The allowable compressive displacement of the bellows when working in compression is larger than the allowable tensile displacement when working in tension, so when designing the bellows, the bellows should work in compression as much as possible. It is found through experiments that, in general, the allowable compressive displacement of the bellows of the same material and the same specification is 1.5 times the allowable tensile displacement.

The allowable displacement is related to the geometric parameters and material properties of the bellows. In general, the allowable displacement of the bellows is proportional to the yield strength of the material and the square of the outer diameter, and inversely proportional to the elastic modulus of the material and the wall thickness of the bellows. At the same time, the relative wave depth and wave thickness also have a certain influence on it.

4. Bellows life

The life of the bellows is the shortest working period or number of cycles that can guarantee normal operation when used under working conditions. The elastic sealing system composed of bellows often works under the conditions of variable load and large displacement with more cycles, so it is of great significance to determine the service life of the bellows. Because the function of the bellows is different, the requirements for its service life are also different.

(1) When the bellows is used to compensate for the positional deviation caused by installation in the pipeline system, only a few times are required for its life.

(2) The bellows is used in thermostatic controllers with high switching probability, and its lifespan must reach 10,000 times to meet the use requirements.

(3) When the bellows is used as a vacuum seal for a vacuum switch, its lifespan must reach 30,000 times to ensure normal operation.
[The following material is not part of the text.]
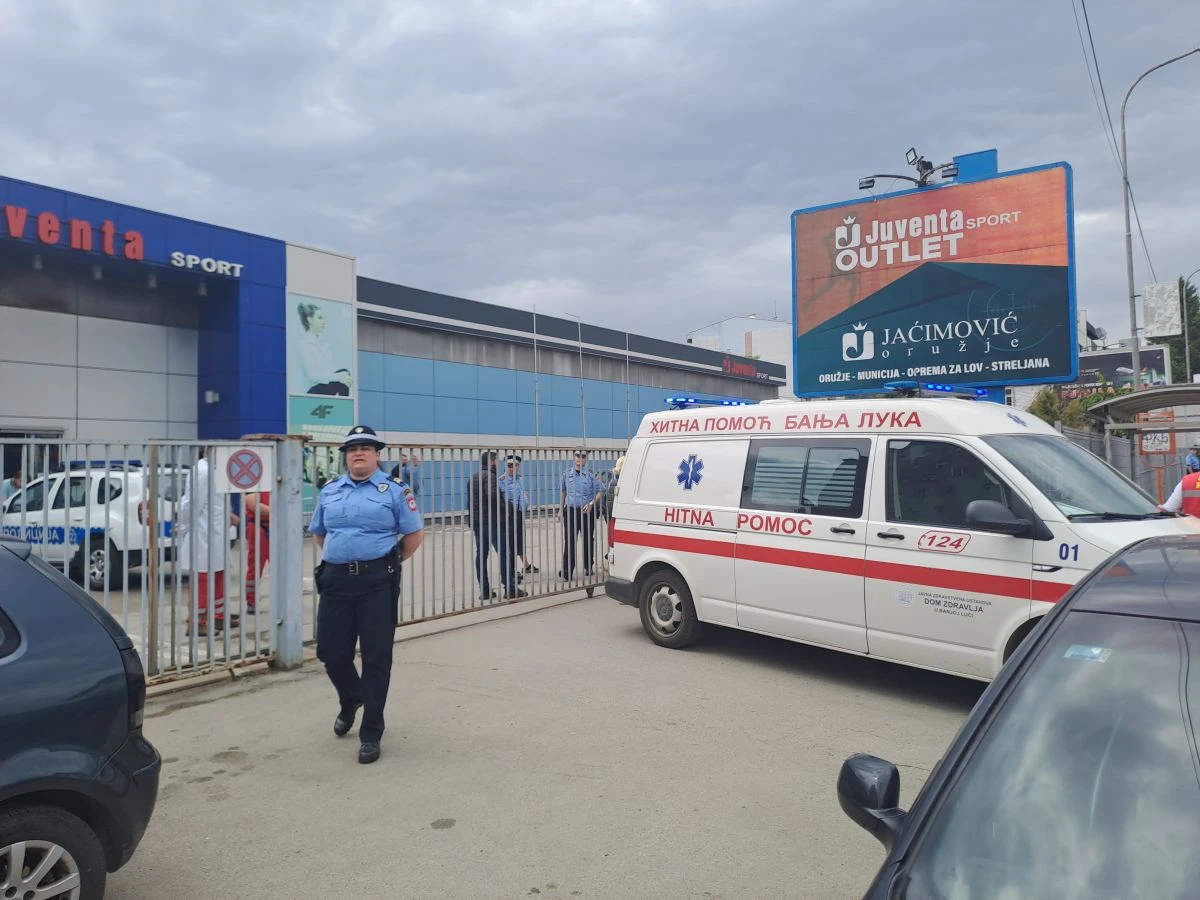Policija je na mjestu događaja
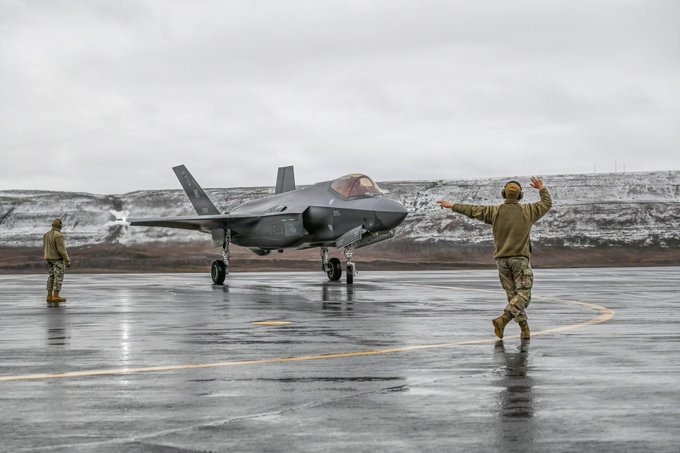 Image in @MarioNawfal's post: 🇺🇲🇬🇱 U.S. Airmen touched down in GREENLAND for military exercises.
The missions tested USNORTHCOM’…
It can be seen from the above three use cases that due to different use conditions, the required service life of the bellows varies greatly. The life of the bellows is related to the fatigue characteristics of the selected material, and also depends on the size of the residual stress of the formed bellows, the stress concentration and the surface quality of the bellows. In addition, the service life is related to the working conditions of the bellows. For example: displacement, pressure, temperature, working medium, vibration conditions, frequency range, impact conditions, etc.

During the working process of the bellows, its life span mainly depends on the maximum stress generated during the working process. In order to reduce the stress, it is generally achieved by reducing the working displacement of the bellows and reducing the working pressure. In the general design, it is stipulated that the working displacement of the bellows should be less than half of its allowable displacement, and its working pressure should be less than half of the pressure resistance of the bellows.
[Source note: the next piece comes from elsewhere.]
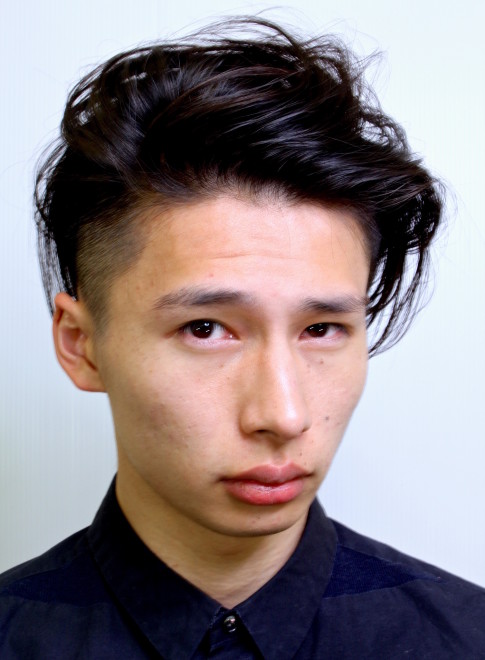 メンズ モードでかっこいいメンズツーブロック Gokan Omotesando の髪型 ヘアスタイル ヘアカタログ 21春夏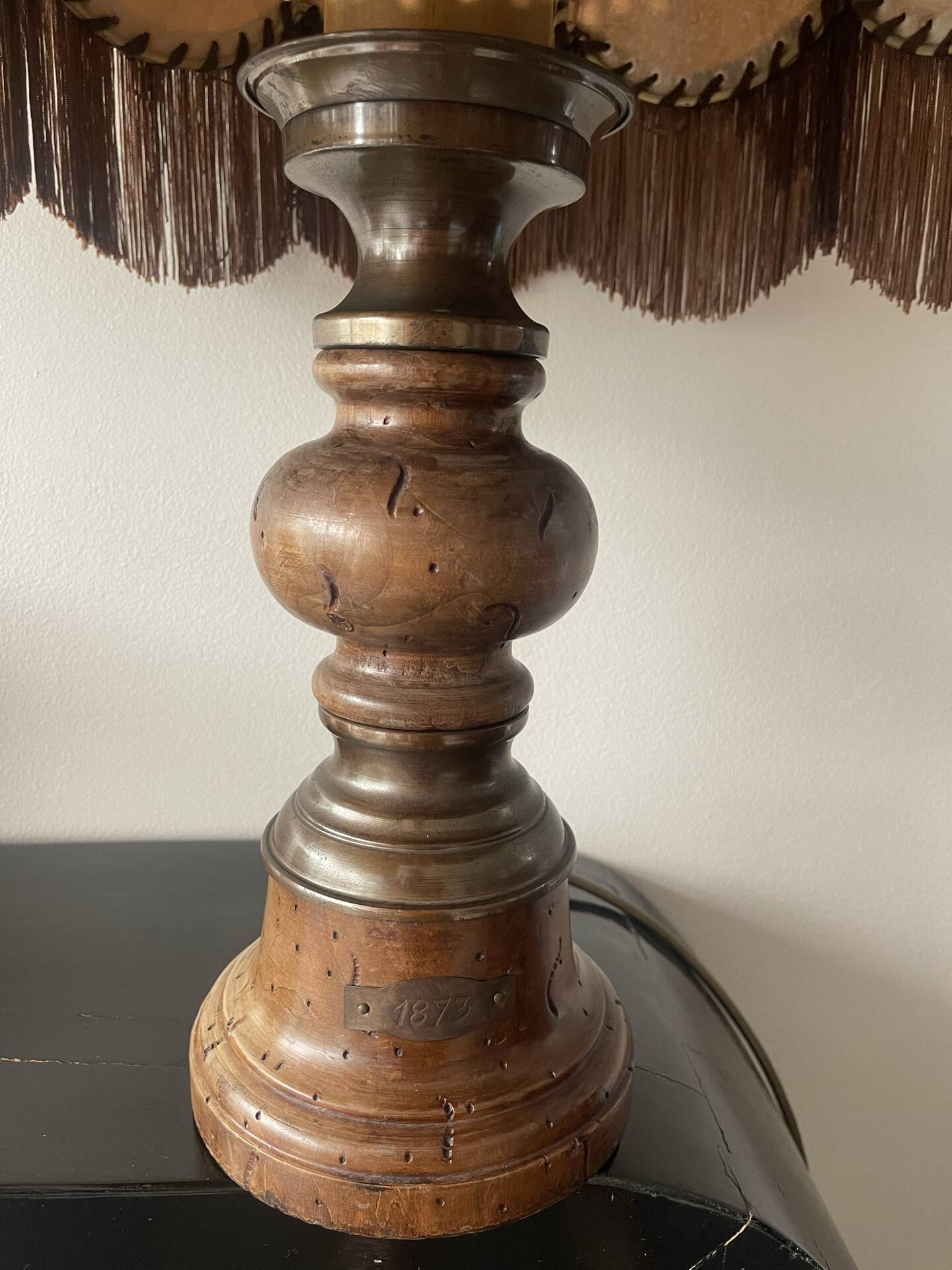 Vintage 80s wooden rustic lamp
The test of the currently produced corrugated pipe proves that if the corrugated pipe works according to the above specifications, its service life can basically reach about 50,000 times.
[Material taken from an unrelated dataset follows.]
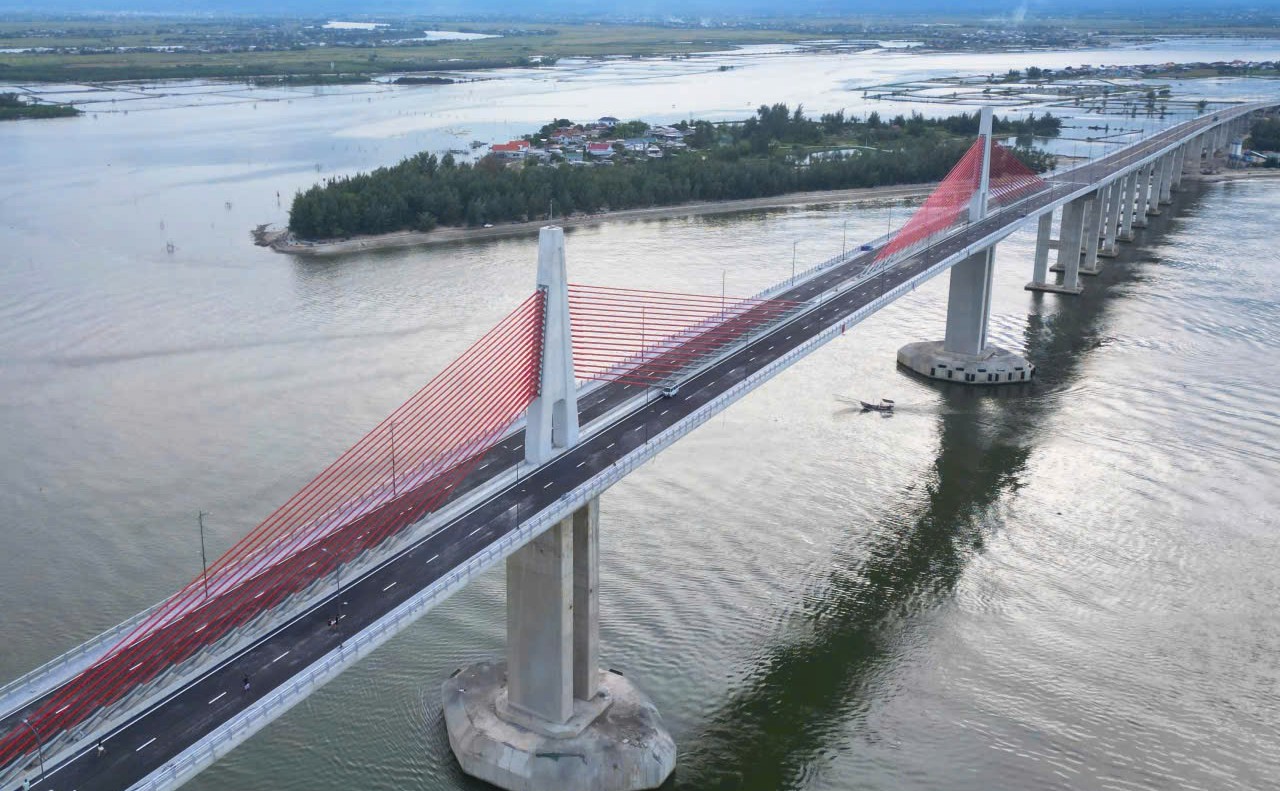 Vì sao cầu vượt cửa biển 2.400 tỉ đồng ở Huế phải rào chắn lại? - ảnh 1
According to the nature of the working pressure, the allowable displacement of the bellows is also different. Generally, when the bellows only bears axial load (tension or pressure), its allowable displacement can be selected between 10% and 40% of the effective length of the bellows; When the bellows is subjected to lateral concentrated force, torsional moment or comprehensive force, the allowable displacement of the bellows should be appropriately reduced.

The application of multi-layer bellows can reduce the stress caused by stiffness and deformation, and thus can greatly improve the life of the bellows.

The service life of GIS bellows will be different when the other conditions are the same but the working pressure properties (constant or alternating load) are different. Obviously, the life of the bellows is shorter when working under alternating load than when working under constant load.